Task statement - There is a line containing "Кассир › Название" in the records below. Repeat it and every line after it, exactly, through the final line, but no pictures.

Extracted entries -

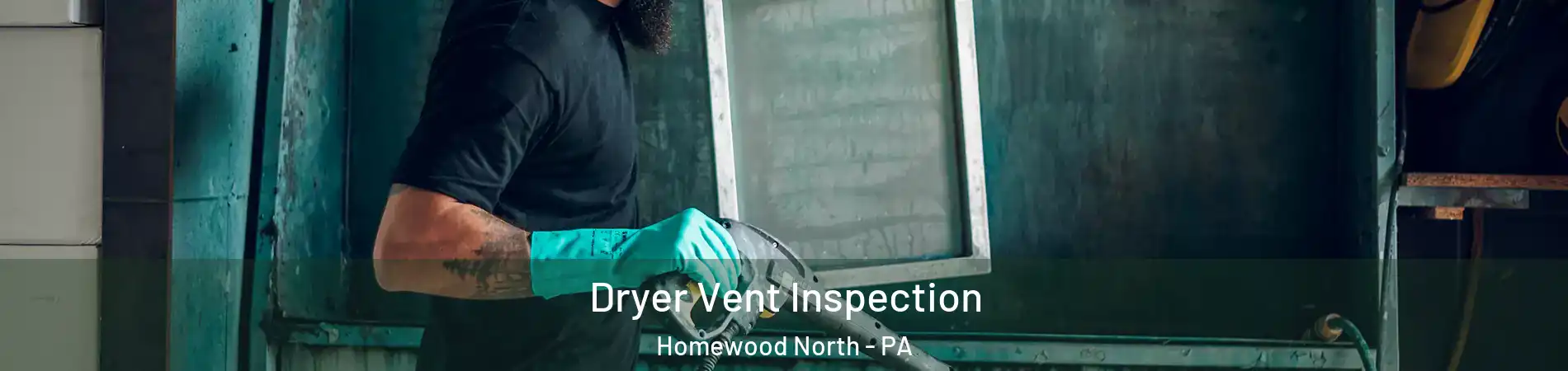 Dryer Vent Inspection Homewood North - PA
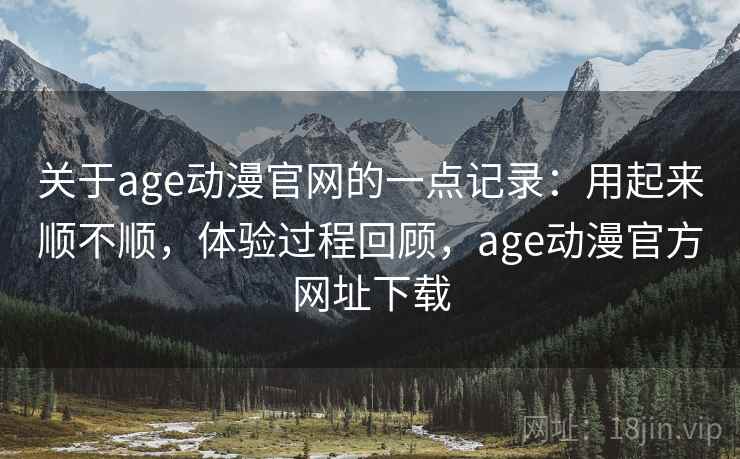 关于age动漫官网的一点记录:用起来顺不顺,体验过程回顾,age动漫官方网址下载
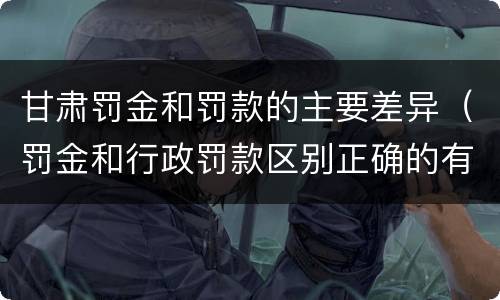甘肃罚金和罚款的主要差异（罚金和行政罚款区别正确的有）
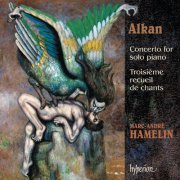 Marc-André Hamelin - Alkan: Concerto for Solo Piano; Troisième recueil de chants (2007)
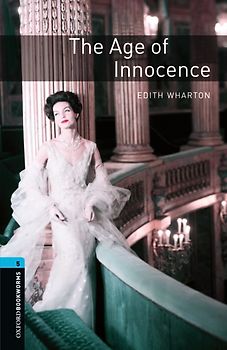 Oxford Bookworms Library / 10. Schuljahr, Stufe 2 - The Age of Innocence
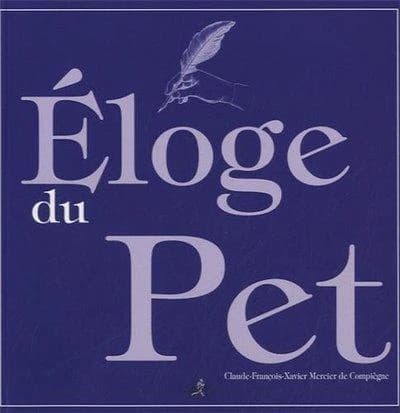 Éloge du pet : dissertation historique, anatomique et philosophique, sur son origine, son antiquité, ses vertus, sa figure, les honneurs qu'on lui a rendus chez les peuples anciens, et les facéties auxquelles il a donné lieu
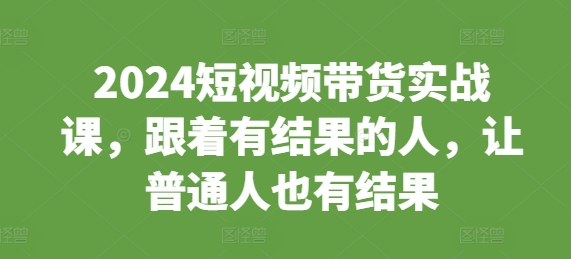 2024短视频带货实战课，跟着有结果的人，让普通人也有结果-优优云网创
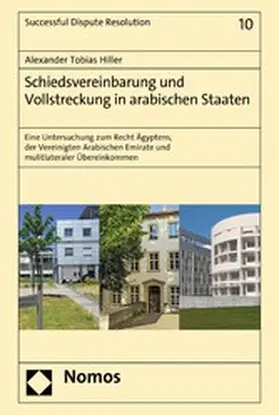 Hiller |  Schiedsvereinbarung und Vollstreckung in arabischen Staaten | eBook | Sack Fachmedien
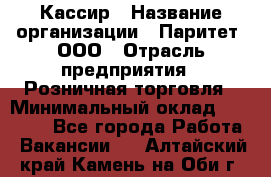 Кассир › Название организации ­ Паритет, ООО › Отрасль предприятия ­ Розничная торговля › Минимальный оклад ­ 21 500 - Все города Работа » Вакансии   . Алтайский край,Камень-на-Оби г.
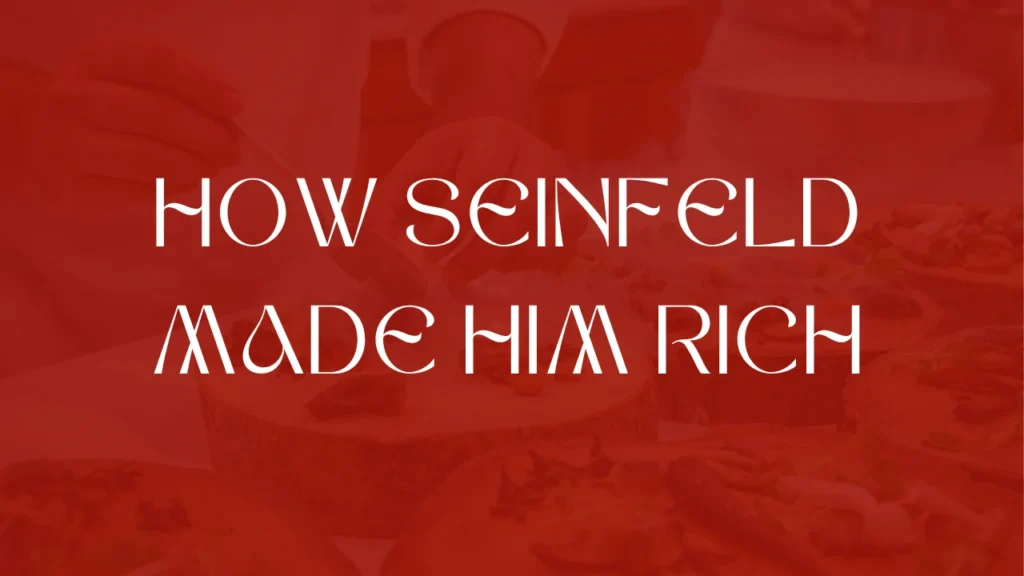 How Seinfeld Made Him Rich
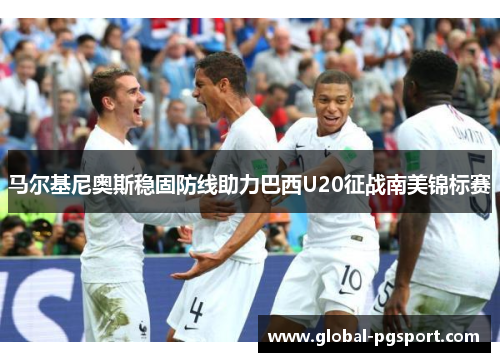 马尔基尼奥斯稳固防线助力巴西U20征战南美锦标赛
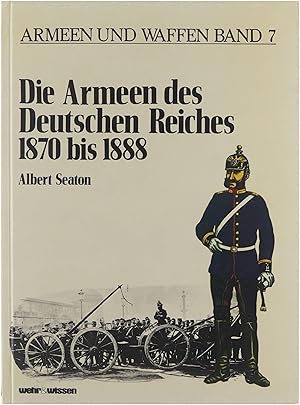 Immagine del venditore per Die Armeen des Deutschen Reiches 1870 bis 1888 venduto da Untje.com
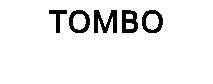 TOMBO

Completed exercise -
 Кассир › Название организации ­ Паритет, ООО › Отрасль предприятия ­ Розничная торговля › Минимальный оклад ­ 21 500 - Все города Работа » Вакансии   . Алтайский край,Камень-на-Оби г.
 How Seinfeld Made Him Rich
 马尔基尼奥斯稳固防线助力巴西U20征战南美锦标赛
 Immagine del venditore per Die Armeen des Deutschen Reiches 1870 bis 1888 venduto da Untje.com
 TOMBO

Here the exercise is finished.